The real forces at work changing sports in 2017
People who are changing the world are using sport to do it. Why?
They criticized ESPN’s coverage of Michael Sam, and Caitlyn Jenner, and Serena Williams vs John McEnroe. They touched on recent history in North Carolina, where the NCAA pulled its basketball tournament out of the state, and the NBA pulled its All-Star game.
To be clear, this kind of thing has been happening in sports forever. Dale Earnhardt Jr — the most popular driver in NASCAR — said the Confederate flag is “offensive to an entire race” and ought to be removed from the South Carolina state house. The state of Arizona lost the Super Bowl in 1990 because they refused to make Martin Luther King Jr Day a holiday. There are hundreds of examples, all around the world, throughout the entire history of sports. Now and then, politics has always crept into sports.
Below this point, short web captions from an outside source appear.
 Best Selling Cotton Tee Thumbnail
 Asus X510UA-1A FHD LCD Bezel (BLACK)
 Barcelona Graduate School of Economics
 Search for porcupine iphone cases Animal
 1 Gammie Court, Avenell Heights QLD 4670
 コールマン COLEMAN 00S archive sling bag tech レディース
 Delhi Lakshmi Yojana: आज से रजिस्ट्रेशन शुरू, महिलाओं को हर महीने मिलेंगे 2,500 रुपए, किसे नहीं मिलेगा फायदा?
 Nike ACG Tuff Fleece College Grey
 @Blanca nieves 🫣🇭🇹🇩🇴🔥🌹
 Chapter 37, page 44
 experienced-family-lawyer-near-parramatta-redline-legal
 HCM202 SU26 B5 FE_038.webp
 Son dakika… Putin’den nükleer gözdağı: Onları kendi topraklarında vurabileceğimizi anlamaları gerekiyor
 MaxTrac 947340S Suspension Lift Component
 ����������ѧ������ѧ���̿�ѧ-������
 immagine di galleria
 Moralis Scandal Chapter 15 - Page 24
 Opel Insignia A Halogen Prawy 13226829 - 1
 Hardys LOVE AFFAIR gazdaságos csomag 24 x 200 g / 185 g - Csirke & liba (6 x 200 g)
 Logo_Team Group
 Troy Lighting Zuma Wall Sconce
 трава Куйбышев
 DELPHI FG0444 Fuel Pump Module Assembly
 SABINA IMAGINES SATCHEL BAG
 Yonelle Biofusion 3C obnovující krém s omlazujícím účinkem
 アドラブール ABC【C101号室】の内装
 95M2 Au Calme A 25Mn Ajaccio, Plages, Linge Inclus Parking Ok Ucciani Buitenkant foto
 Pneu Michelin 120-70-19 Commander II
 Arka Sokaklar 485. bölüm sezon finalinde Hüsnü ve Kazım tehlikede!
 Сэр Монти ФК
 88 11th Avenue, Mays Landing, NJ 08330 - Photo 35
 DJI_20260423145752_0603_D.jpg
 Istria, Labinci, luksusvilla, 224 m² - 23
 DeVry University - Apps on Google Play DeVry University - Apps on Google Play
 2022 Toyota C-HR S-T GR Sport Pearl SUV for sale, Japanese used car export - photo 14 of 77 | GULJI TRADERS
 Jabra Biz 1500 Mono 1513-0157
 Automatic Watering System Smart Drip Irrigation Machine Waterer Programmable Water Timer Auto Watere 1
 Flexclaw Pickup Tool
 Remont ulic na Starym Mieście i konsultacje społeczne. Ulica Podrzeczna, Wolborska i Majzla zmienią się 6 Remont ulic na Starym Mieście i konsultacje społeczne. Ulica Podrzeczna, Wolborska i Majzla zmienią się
What’s different today is that it’s a business strategy. It’s a calculated attempt to divide sports fans for financial gain.
We often talk about the business of sports as if it’s Big Business. We mention television deals in the billions, attendance league-wide in millions. Stadiums that host a mere 15 games a year cost more than bridges used by a million passengers every day.
In fact the sports business is not very big — only $500 billion, globally. Which is small compared to industries that measure in the trillions. But it holds the world’s attention, and therein, it has influence far beyond its size. Part escape from society, part mirror to society, sports has powerful emotional resonance.
The question is, will sports continue to be a pawn of the geopolitical economy, or is sports strong enough to defend itself, and become what we always wanted it to be — a level playing field, a uniter of spirits, a human drama built on physical grace?